> [Required work]:
An acceptable answer repeats exactly the line containing "Apple iPhone 17" and all lines that follow it in the listing below, and it includes no pictures.
▽
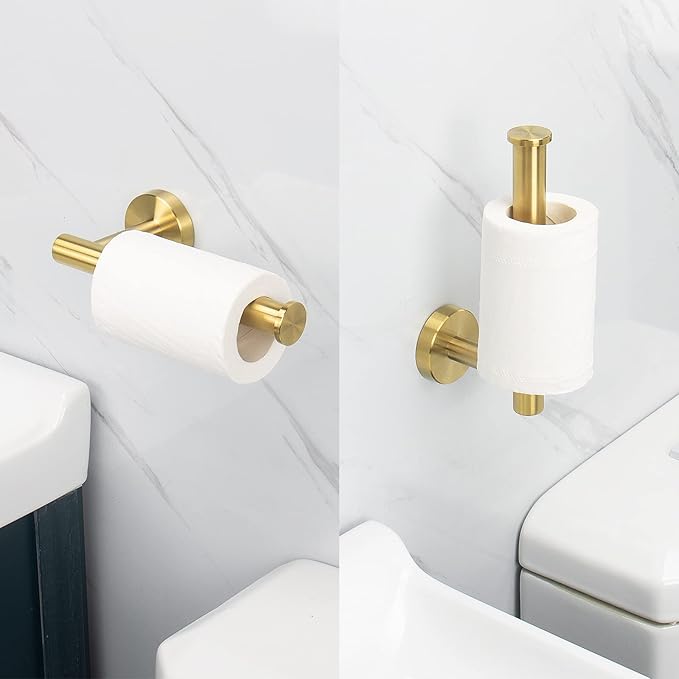NearMoon Bathroom Toilet Paper Holder, Premium SUS304 Stainless Steel Rustproof Wall Mounted Toilet Roll Holder for Bathroom, Kitchen (2 Pack, Brushed Gold)
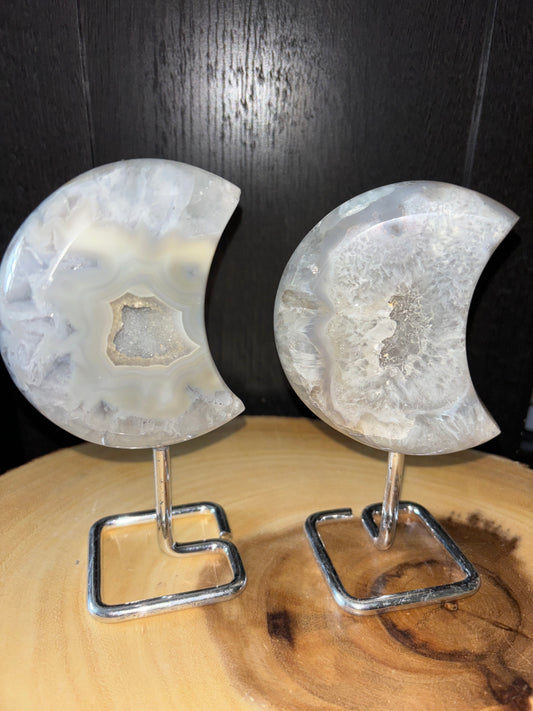 Druzy agate moons on metal stand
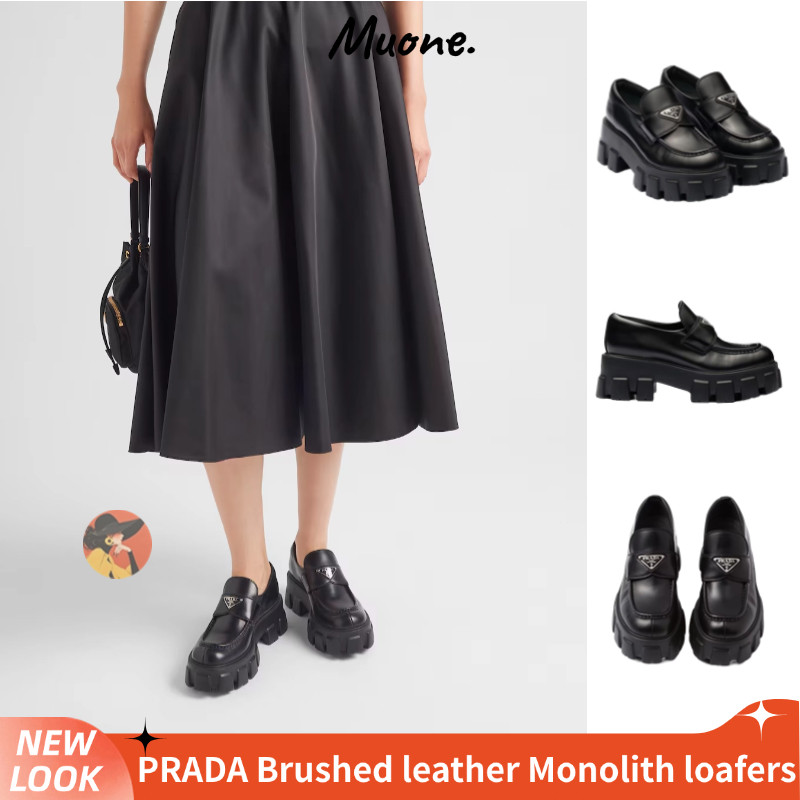 Prada Brushed leather Monolith loafers Sepatu Perempuan Women's Shoes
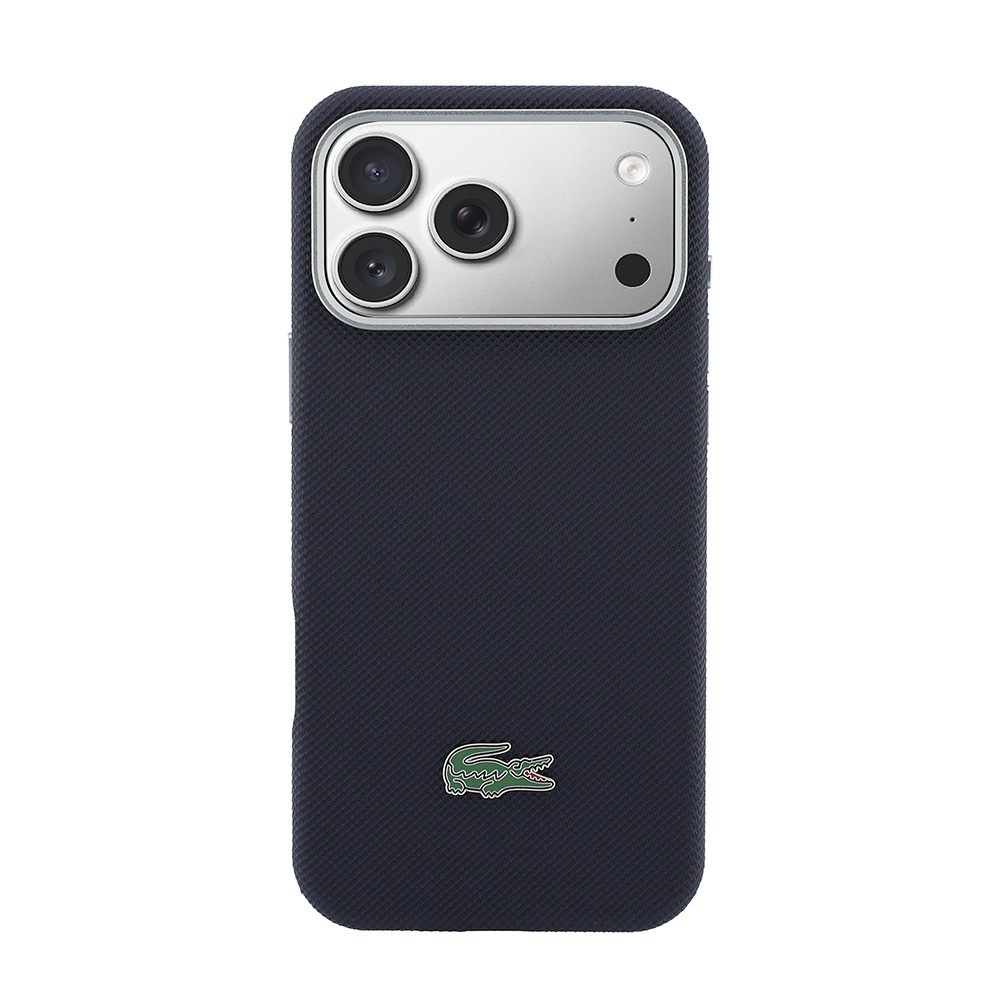 Apple iPhone 17 Pro Max Uyumlu Kılıf Lacoste Orjinal Lisanslı M-Safe Şarj Özellikli PVC Yarı Pike Desenli Arka Yüzey İkonik Timsah Dokuma Logolu Kapak - 2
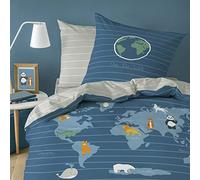 Matt&Rose Parure de lit + 1 Housse de Couette, Coton, Bleu, 135 x 200 + 80 x 80 cm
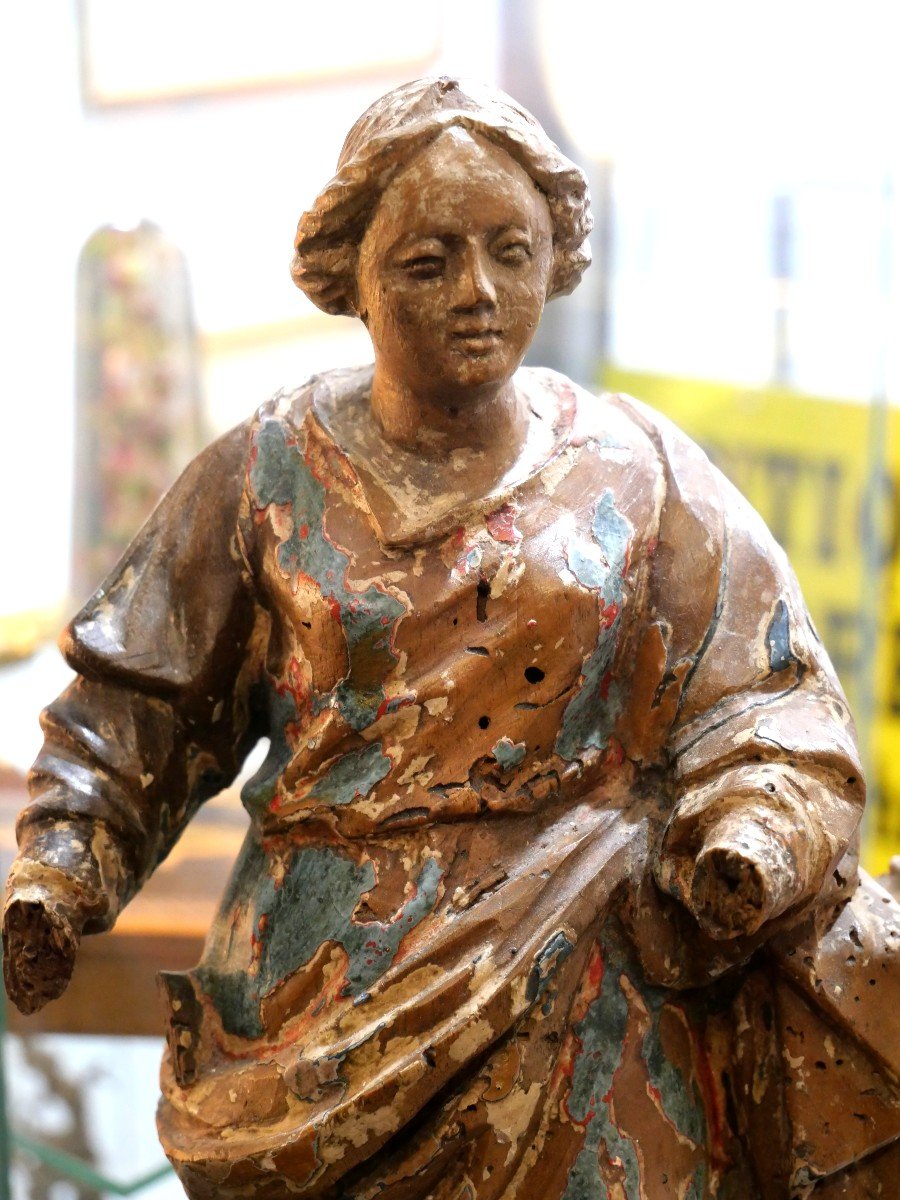 Saint Barbara In Carved Wood 17th Century-photo-2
△
> [Answer box]:
 Apple iPhone 17 Pro Max Uyumlu Kılıf Lacoste Orjinal Lisanslı M-Safe Şarj Özellikli PVC Yarı Pike Desenli Arka Yüzey İkonik Timsah Dokuma Logolu Kapak - 2
 Matt&Rose Parure de lit + 1 Housse de Couette, Coton, Bleu, 135 x 200 + 80 x 80 cm
 Saint Barbara In Carved Wood 17th Century-photo-2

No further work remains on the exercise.